FIG. 5 shows image capture device 100 and microphone array 102
capturing image and audio data at a given instance in time. FIG. 5
and other figures show audio sources 1 through 8 at various angular
orientations and distances from the device 100/array 102. There may
be fewer or more audio sources, and some audio sources may not
emanate from a discrete point. The audio sources AS1 to AS8 are
shown by way of example only. Moreover, FIG. 5 and other figures
show the audio sources at discrete orbital radii from the center.
Again, this is by way of example, and different audio sources may
be at any radius from the center in further examples.

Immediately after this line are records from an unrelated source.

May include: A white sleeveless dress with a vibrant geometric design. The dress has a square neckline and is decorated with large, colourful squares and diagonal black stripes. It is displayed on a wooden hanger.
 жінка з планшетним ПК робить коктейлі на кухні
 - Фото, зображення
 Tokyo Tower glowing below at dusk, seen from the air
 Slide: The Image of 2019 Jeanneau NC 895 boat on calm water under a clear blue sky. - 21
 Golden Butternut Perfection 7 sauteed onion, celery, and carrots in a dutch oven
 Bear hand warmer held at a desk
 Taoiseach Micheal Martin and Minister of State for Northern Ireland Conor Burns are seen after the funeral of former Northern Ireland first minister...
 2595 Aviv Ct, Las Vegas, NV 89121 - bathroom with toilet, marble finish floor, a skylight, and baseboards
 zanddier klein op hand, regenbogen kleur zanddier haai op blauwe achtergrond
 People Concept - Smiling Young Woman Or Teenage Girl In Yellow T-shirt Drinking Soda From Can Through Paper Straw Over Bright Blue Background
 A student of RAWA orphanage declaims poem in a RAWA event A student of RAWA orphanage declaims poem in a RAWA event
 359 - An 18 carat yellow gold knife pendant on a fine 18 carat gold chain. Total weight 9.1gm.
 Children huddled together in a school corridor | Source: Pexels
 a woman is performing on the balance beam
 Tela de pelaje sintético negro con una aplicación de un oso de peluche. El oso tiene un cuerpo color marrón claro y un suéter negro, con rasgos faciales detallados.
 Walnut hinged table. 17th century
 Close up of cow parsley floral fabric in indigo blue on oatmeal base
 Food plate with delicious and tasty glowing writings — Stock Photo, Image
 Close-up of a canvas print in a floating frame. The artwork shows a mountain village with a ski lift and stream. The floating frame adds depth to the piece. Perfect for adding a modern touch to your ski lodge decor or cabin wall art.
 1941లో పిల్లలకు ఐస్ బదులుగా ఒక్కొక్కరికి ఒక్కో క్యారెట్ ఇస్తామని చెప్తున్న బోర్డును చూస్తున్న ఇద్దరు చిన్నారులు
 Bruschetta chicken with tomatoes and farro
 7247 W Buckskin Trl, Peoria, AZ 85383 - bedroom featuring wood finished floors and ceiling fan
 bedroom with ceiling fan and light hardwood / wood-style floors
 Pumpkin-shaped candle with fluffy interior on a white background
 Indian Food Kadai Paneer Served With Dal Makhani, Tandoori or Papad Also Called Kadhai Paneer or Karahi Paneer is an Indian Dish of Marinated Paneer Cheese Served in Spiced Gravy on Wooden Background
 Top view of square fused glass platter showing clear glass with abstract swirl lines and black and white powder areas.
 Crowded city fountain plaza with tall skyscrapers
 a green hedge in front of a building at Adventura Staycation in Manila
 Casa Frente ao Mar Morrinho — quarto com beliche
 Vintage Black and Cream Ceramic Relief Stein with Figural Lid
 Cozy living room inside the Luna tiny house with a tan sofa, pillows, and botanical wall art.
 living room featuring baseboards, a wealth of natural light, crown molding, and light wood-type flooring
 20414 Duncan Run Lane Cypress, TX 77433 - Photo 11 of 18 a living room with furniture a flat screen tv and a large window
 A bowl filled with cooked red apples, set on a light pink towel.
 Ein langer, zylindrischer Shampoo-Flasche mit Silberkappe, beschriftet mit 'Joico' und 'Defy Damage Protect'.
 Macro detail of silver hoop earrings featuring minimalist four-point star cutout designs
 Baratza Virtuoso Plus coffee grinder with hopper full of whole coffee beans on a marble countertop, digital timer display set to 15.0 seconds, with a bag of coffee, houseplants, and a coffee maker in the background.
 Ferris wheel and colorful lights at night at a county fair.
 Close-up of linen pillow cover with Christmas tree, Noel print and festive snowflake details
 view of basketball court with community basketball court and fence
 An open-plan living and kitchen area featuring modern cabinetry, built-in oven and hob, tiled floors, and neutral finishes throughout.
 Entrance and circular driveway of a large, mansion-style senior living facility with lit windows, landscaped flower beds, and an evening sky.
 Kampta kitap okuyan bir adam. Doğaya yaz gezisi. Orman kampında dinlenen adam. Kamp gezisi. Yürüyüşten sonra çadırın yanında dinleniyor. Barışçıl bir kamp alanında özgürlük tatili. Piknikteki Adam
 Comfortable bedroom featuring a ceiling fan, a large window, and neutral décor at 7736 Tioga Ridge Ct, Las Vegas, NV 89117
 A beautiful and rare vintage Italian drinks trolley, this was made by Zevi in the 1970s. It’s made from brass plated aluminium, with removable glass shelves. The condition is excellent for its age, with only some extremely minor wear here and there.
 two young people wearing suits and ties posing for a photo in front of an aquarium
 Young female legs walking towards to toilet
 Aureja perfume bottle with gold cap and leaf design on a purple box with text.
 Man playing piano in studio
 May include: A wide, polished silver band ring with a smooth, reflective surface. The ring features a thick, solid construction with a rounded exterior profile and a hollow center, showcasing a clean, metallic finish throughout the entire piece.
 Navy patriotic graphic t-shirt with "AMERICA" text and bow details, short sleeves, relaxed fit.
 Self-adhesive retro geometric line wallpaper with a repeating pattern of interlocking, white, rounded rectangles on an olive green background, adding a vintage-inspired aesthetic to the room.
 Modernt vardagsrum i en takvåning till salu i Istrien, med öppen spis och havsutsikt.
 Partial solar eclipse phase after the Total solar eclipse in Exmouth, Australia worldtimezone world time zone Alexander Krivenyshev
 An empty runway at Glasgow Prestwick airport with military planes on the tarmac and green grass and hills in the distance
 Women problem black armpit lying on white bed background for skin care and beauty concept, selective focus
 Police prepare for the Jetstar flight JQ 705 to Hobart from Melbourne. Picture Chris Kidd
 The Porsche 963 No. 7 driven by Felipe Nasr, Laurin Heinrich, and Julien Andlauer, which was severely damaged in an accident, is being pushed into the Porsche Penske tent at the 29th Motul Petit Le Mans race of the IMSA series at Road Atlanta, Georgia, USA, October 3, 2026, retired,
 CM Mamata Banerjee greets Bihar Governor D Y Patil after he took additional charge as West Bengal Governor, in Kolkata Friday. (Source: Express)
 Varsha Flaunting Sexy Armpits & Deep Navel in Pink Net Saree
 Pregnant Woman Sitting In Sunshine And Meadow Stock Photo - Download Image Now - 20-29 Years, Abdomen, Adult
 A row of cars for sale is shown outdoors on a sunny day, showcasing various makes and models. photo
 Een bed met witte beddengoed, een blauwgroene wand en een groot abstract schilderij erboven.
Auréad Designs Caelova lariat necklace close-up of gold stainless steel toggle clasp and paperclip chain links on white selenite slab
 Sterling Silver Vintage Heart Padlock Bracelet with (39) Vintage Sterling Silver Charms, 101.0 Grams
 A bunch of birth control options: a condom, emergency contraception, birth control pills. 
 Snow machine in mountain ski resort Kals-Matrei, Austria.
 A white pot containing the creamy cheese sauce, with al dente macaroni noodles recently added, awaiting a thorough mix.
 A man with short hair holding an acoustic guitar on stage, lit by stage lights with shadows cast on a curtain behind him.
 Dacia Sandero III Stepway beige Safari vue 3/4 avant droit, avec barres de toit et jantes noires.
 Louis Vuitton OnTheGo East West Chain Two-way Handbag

[0057] FIG. 5 also shows only one planar view, for example
perpendicular to the above-defined z-axis. The audio sources 1
through 8 similarly have an orientation to the device 100/array 102
relative to the x-axis and y-axis as well. The vector orientation
of the audio sources 1 through 8 is known relative to the device
100/array 102, which may be defined as the origin (0,0,0) in
Cartesian space.
[0058] When recorded, the sound spatialization field is aligned to
the captured images in the device 100/array 102. That is, the
capture device 100 is able to determine the vector orientation of
an object, for example audio source 1 of FIG. 5, relative to the
capture device. Similarly, the microphone array 102 is able to
determine the same vector orientation of the audio source 1
relative to the microphone array. In step 216, the computing device
104 selects an arbitrary unit vector 120, for example 1, 1, 1 as
the reference orientation relative to which other image data
captured by the device 100 may be described. The computing device
defines the same unit vector 120 for the sound spatialization
field.
[0059] As explained below, when an image is initially displayed
during playback of the image data, the system may initially
position the unit vector between the user's head and the center of
the display 118. Having also defined the same reference vector for
the sound spatialization field, the field may initially map to
reference vector during audio playback so that the sound
spatialization field is initially correctly mapped to the displayed
initial image. The image and sound spatialization field may
thereafter be rotated in 3D space as explained hereinafter. The
captured image data and recorded sound spatialization field may be
stored and/or transmitted to another computing device in step
218.
[0060] After image and audio data has been captured by the capture
device 100 and microphone 102, a user may experience the image and
audio data at another time and place, from the data stored on the
computing device 104 where the data was initially stored or from a
computing device 108 which received a transmission of the data
(computing device 108 is referred to in the following description).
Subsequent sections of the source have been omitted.